Organizations often use simple external reward programs (or punishments) when they need to motivate employees. Gifts, restaurant cards, and recognition plaques serve as accessible examples for this approach. They tend to be relatively low cost, too, which only makes them more attractive. Employees under offered these rewards are filled with a temporary burst of energy that drives them toward a narrow goal, but a strategic perspective reveals some serious flaws:

  1. They are exceptions-based, leaving most employees unmotivated and discouraged
  2. The motivation is short-term and minimally productive
  3. The program’s effect can be different from its goal
  4. Employees tend to form dependencies, leading to poor performance after the program ends
  5. Reward programs can lead to risks like unethical behavior, cutting corners, and missed opportunities or alternatives

Despite these potential risks there is a time and place for rewards. You need to know when and how to use them to avoid missing opportunities to combat discouragement, create engagement, and maximize employee retention. Here is a diagram that will help you determine when and how reward programs are appropriate.

When and How to Use External Rewards

Intrinsic Motivation (“Type I” Motivation)

Type I is a system where motivation comes from employees themselves. Instead of depending on rewards, they learn to be driven by personal enjoyment, ambition, well-being, challenge, community, and other internal motivations. Type I succeeds where Type X (external motivation) can’t, creating broadly-felt, long-term motivation. As an employer, your role is to foster an environment where this is not only unrestricted but encouraged. There are three tenants that will help you do so: autonomy, mastery, and purpose. Learn more here.

But how do you move from Type X to Type I? Here are some practical things you can do to change.

  1. Shout-Outs and Storytelling: Encourage employees to write down their experiences at work and send positive encouragement to coworkers. This is a great transitional reward system. It provides a small-scale, unexpected external reward with substantive intrinsic benefit. That will help employees mentally transition from external to internal rewards.
  2. Relationship Building: Taking occasional time from the workday for social experiences is an external reward with real internal benefit. Consider giving teams discretionary funds for meals or coffee. Encourage them to go out for lunch after completing a difficult project, or to grab coffee while brainstorming. Employees will feel more appreciated and free without waiting for recognition. It also allows them to practice autonomy without feeling guilty for doing so.
  3. Purpose Driven Tasks: Describe how each of your various activities aligns with a more profound purpose. This ideally points to your corporate values, but can also align with something more unique to your current goals. This helps increase and maintain your employee’s sense of purpose.
  4. Skill Growth and Community Opportunities: Create ways to connect your employees with training opportunities and skilled communities of professionals—send them an article, invite speakers, do research on trending technology, etc. Doing the footwork (which is often free) removes a barrier for your employees, making access to new information and methods easier. This goes a long way toward fostering mastery.
  5. Minimal Management: Engaged employees need little management. Reduce micro-management and control over employees, instead opting for a flatter organization. Identify the minimal management practices needed to maintain operations, while at the same time increasing employee self-direction. Emphasize that employees can be self-directed and autonomous.

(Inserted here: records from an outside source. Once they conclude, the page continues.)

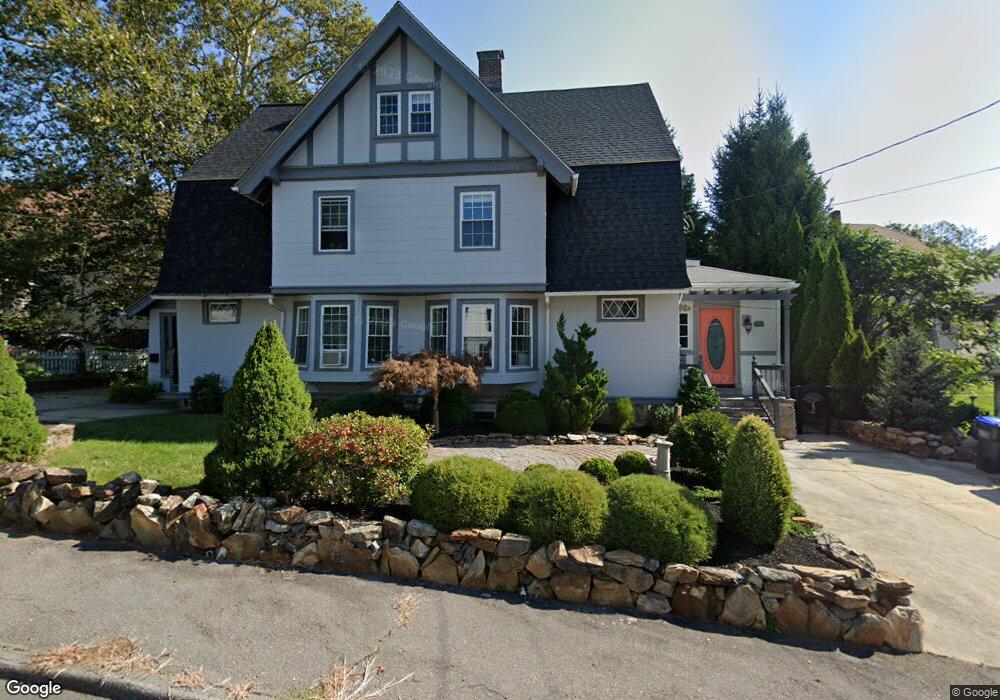 22 Oak St, Hopedale, MA 01747 - photo 1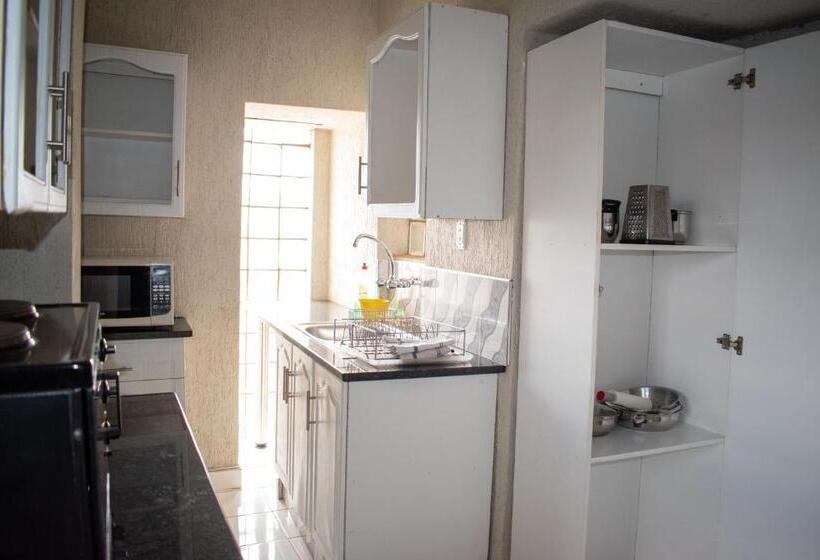 חדר דלוקס עם מיטת קינג, Lenasia Guest Lodge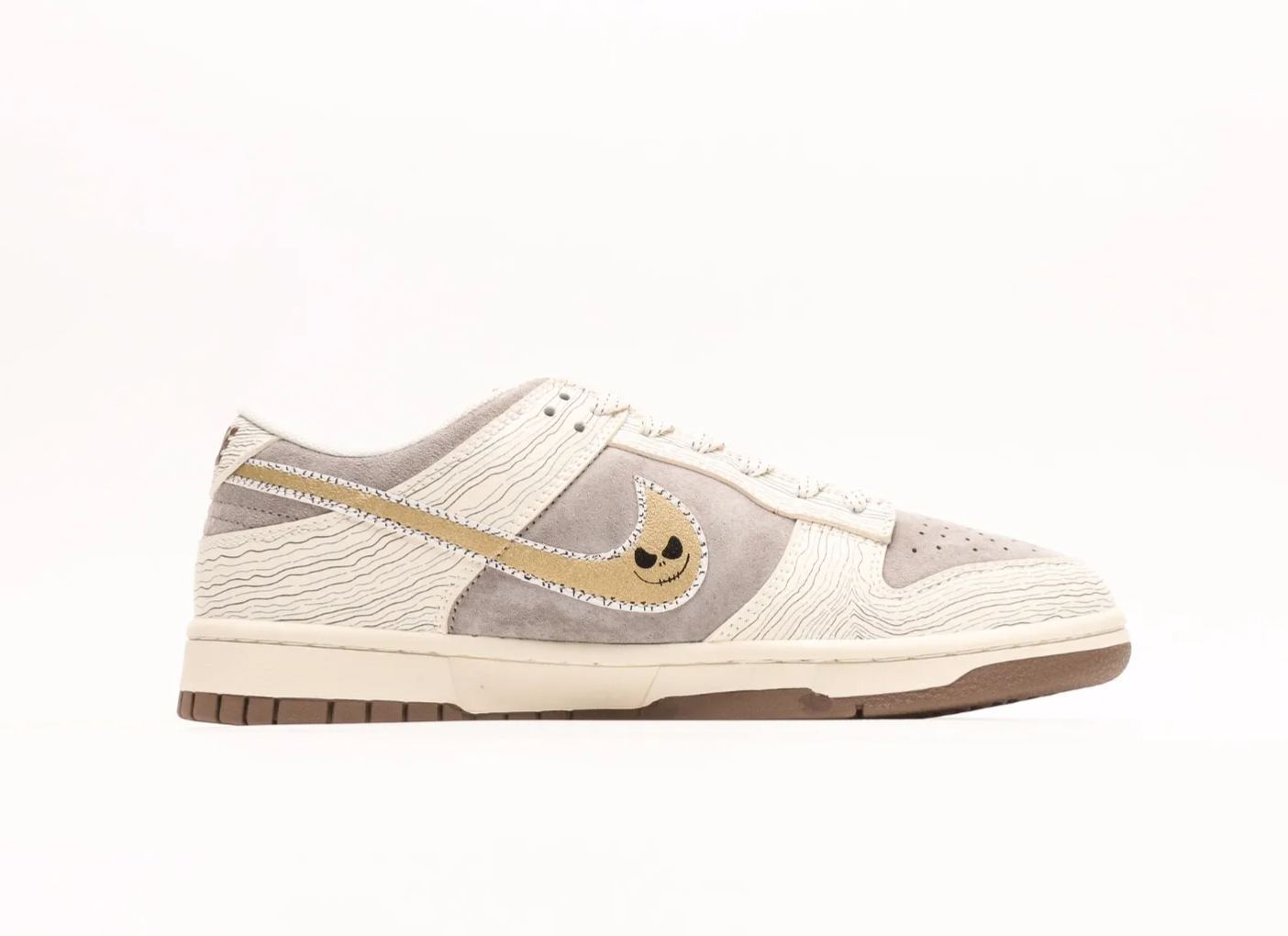 「コラボモデル」Supreme x Nike SB Dunk Low スニーカー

Pivot the way you think about motivating employees, seeing it on a spectrum between external and internal rewards. Knowing that there is a time and a place for external rewards, realize that the vast majority of employee motivation should come from employees themselves. Your responsibility is to foster that motivation through autonomy, mastery, and purpose. You will see your employee retention increase, employment brand improve, productivity improve, and opportunities found. Don’t underestimate the power of intrinsic motivation.